(Saved data entries)
☆ ☆ ☆
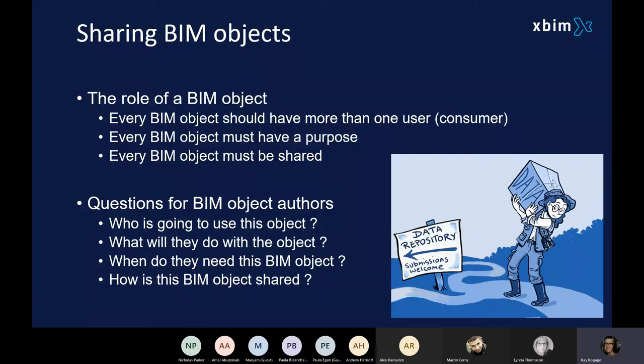There are guidelines like the MBS toolkit and various other standards like the BIM Forum that say what data should be delivered at each stage, and that's just a guideline. Not all organisations need all of the data that's specified at every stage — sometimes they need less and sometimes they need more. So think about who's going to use that data, what are they going to do with it, and when do they need it on the journey.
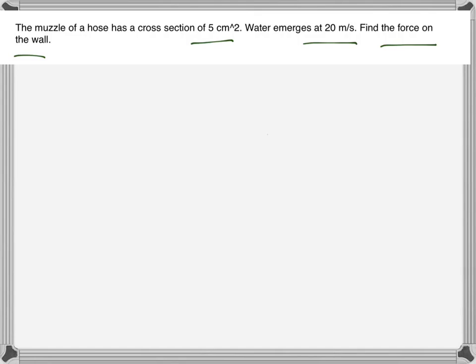The muzzle of a hose has a cross section of 5 centimeters squared and water emerges at 20 meters per second. We need to find the force exerted by the water on the wall. The force exerted by the water on the wall will be the change of momentum per second.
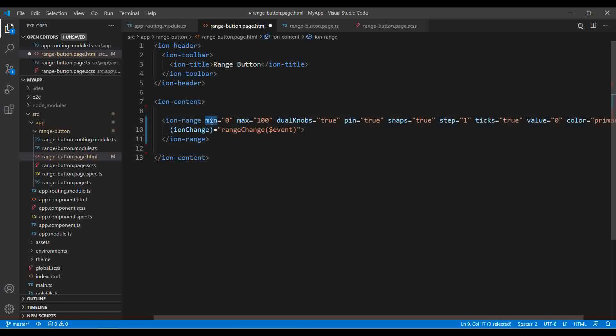The minimum property is the minimum value you want to set, and maximum is the maximum value for your range. Dual knobs refers to the buttons you drag and scroll over the ion-range — this is false by default, but if you set it to true you get two knobs so you can select a range between two values. The pin property shows a pin on top of the knob indicating how much range you've covered.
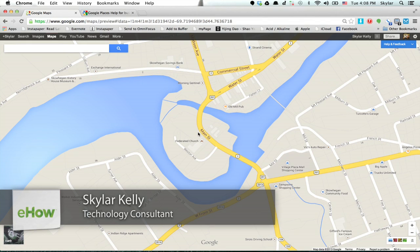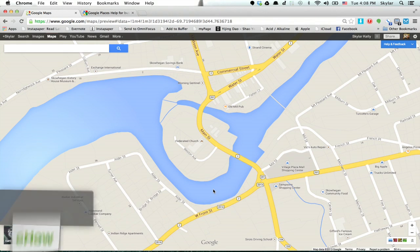Hi, I'm Skyler. If you'd like to contact Google Maps support, check this out. Alright, I'm in Chrome and looking at Google Maps.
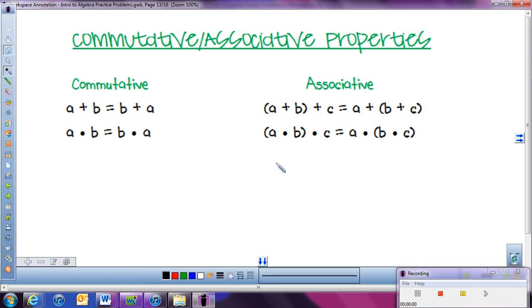This is our last lesson in our Intro to Algebra unit, and it's looking at two more properties: the commutative and the associative property. In our previous lessons, we looked at the distributive property, and so these are just two more properties that we have. Here's how these two properties work.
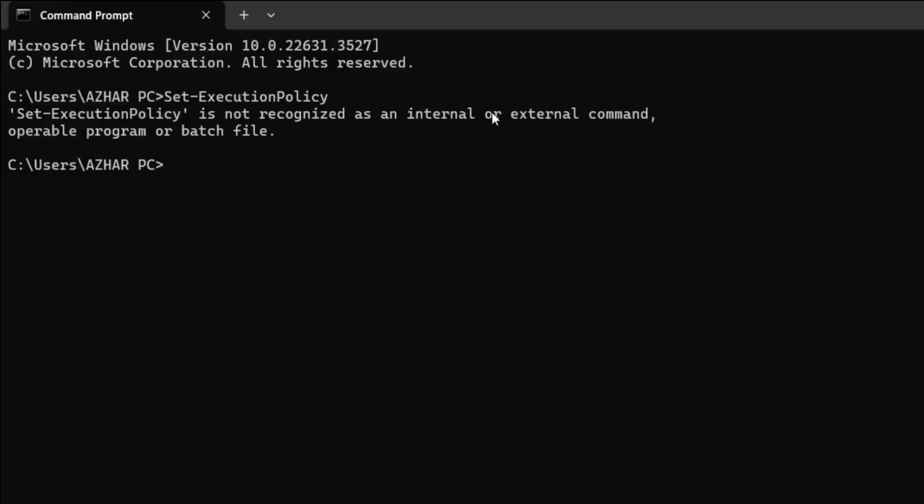Hello awesome viewers, welcome back to another video. In this video we are going to discuss how to solve this issue: 'Set-ExecutionPolicy is not recognized as an internal or external command.'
☆ ☆ ☆
» **REQUIRED WORK**: Print every line of the data exactly. Pictures do not belong in the copy.

» **EXERCISE ANSWER**:
There are guidelines like the MBS toolkit and various other standards like the BIM Forum that say what data should be delivered at each stage, and that's just a guideline. Not all organisations need all of the data that's specified at every stage — sometimes they need less and sometimes they need more. So think about who's going to use that data, what are they going to do with it, and when do they need it on the journey.
The muzzle of a hose has a cross section of 5 centimeters squared and water emerges at 20 meters per second. We need to find the force exerted by the water on the wall. The force exerted by the water on the wall will be the change of momentum per second.
The minimum property is the minimum value you want to set, and maximum is the maximum value for your range. Dual knobs refers to the buttons you drag and scroll over the ion-range — this is false by default, but if you set it to true you get two knobs so you can select a range between two values. The pin property shows a pin on top of the knob indicating how much range you've covered.
Hi, I'm Skyler. If you'd like to contact Google Maps support, check this out. Alright, I'm in Chrome and looking at Google Maps.
This is our last lesson in our Intro to Algebra unit, and it's looking at two more properties: the commutative and the associative property. In our previous lessons, we looked at the distributive property, and so these are just two more properties that we have. Here's how these two properties work.
Hello awesome viewers, welcome back to another video. In this video we are going to discuss how to solve this issue: 'Set-ExecutionPolicy is not recognized as an internal or external command.'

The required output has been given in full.